• Records for this task:
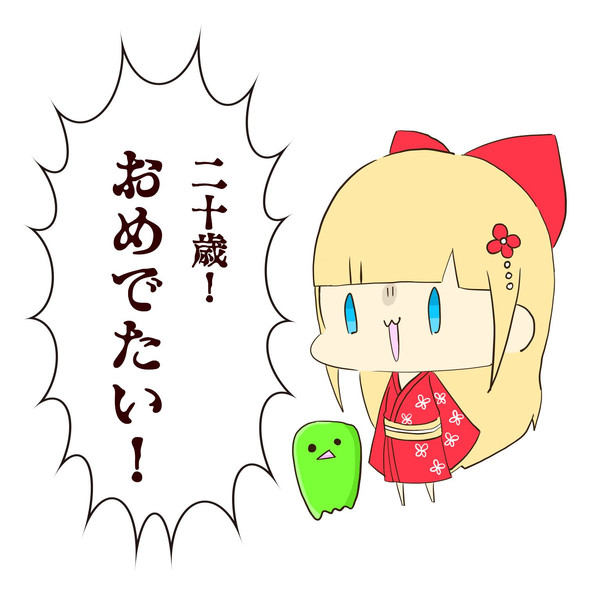 せおたん作 ちゃーちゃん 誕生日プレゼント19 ちゃーちゃん さんのイラスト ニコニコ静画 イラスト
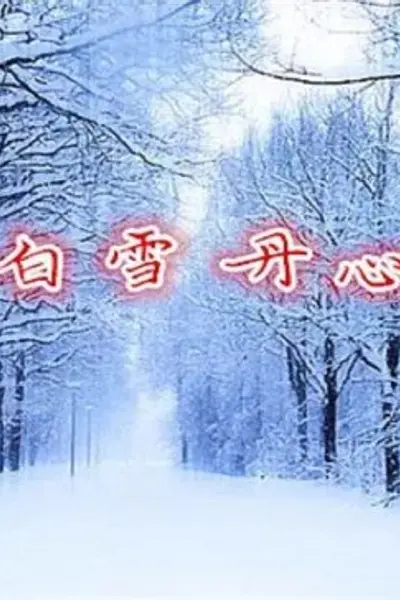 白雪丹心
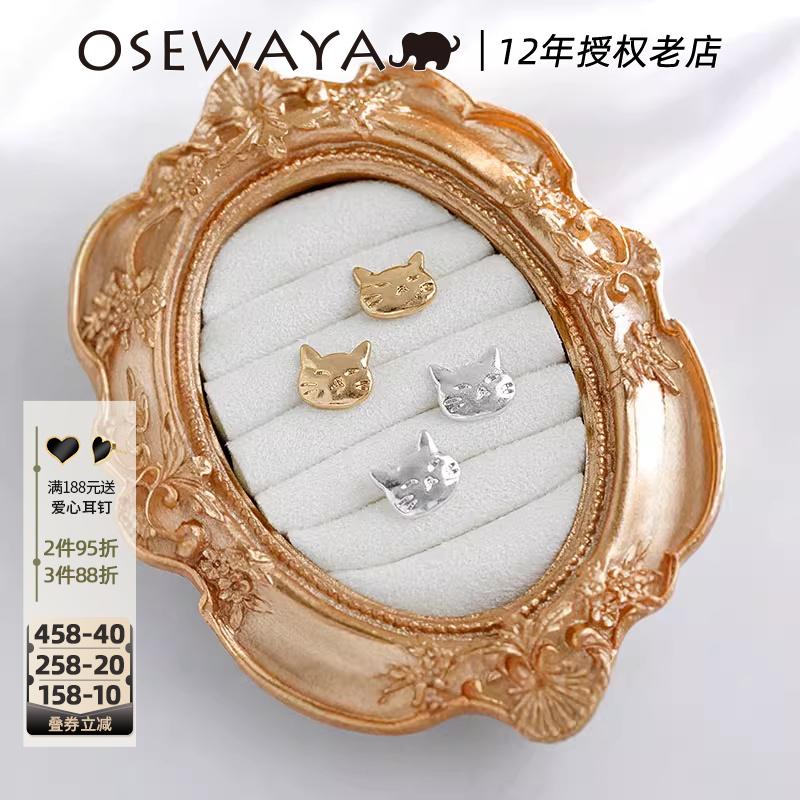 OSEWAYA日系萌趣猫猫头耳钉
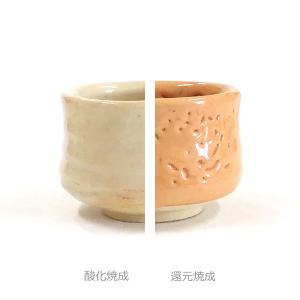 陶芸用品　陶芸 釉薬　　紅志野釉 2リットル 液体釉薬｜e-gazai-tougei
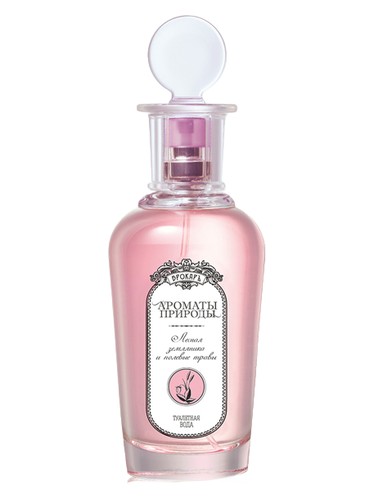 Лесная земляника и полевые травы - Wild Strawberry and Herbs by Brocard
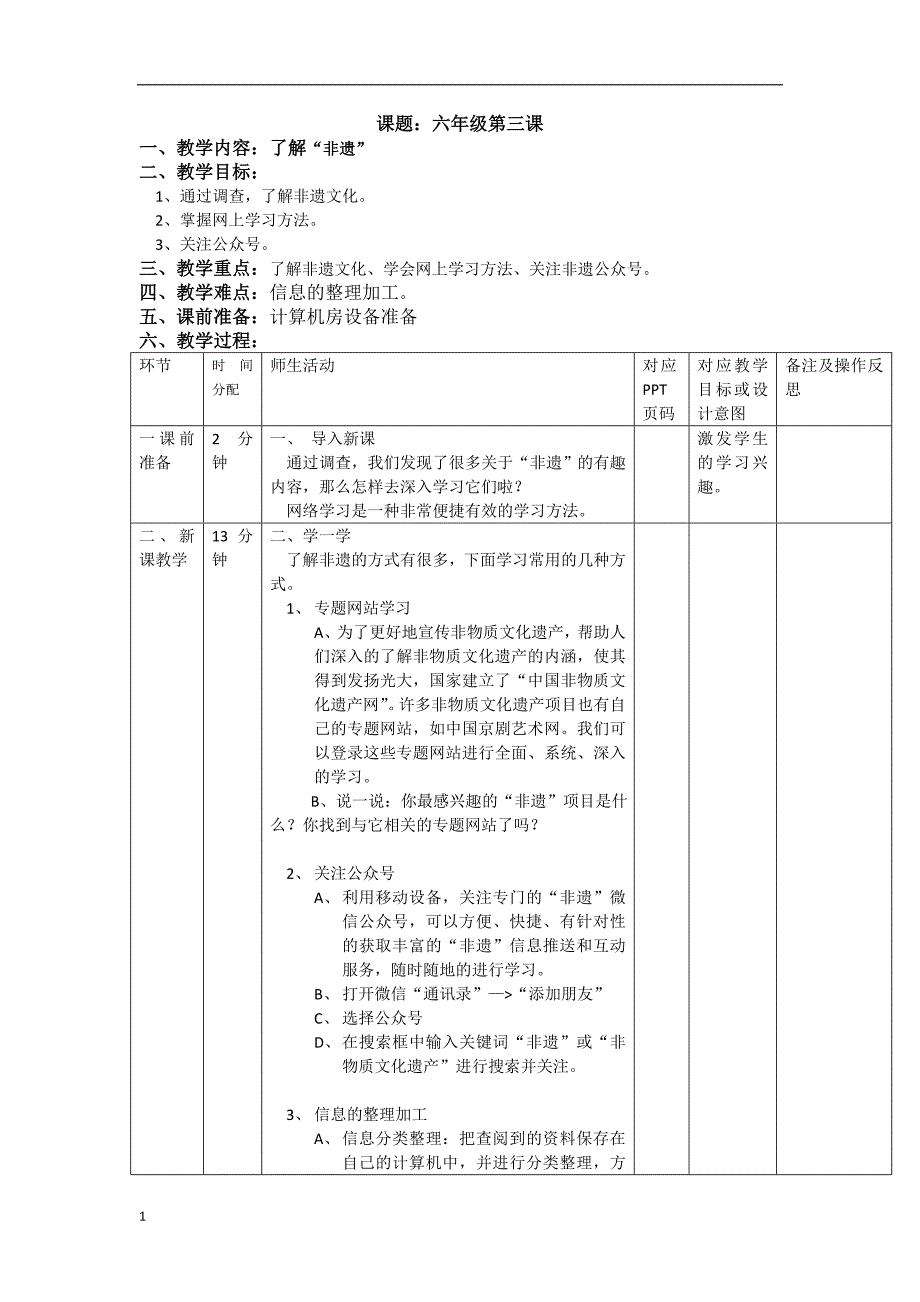 第八版小学信息技术六年级上册教案讲义教材_第4页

• What the task asks: Please retype the records above exactly, but leave out any pictures.

• Solution for this problem:
 せおたん作 ちゃーちゃん 誕生日プレゼント19 ちゃーちゃん さんのイラスト ニコニコ静画 イラスト
 白雪丹心
 OSEWAYA日系萌趣猫猫头耳钉
 陶芸用品　陶芸 釉薬　　紅志野釉 2リットル 液体釉薬｜e-gazai-tougei
 Лесная земляника и полевые травы - Wild Strawberry and Herbs by Brocard
 第八版小学信息技术六年级上册教案讲义教材_第4页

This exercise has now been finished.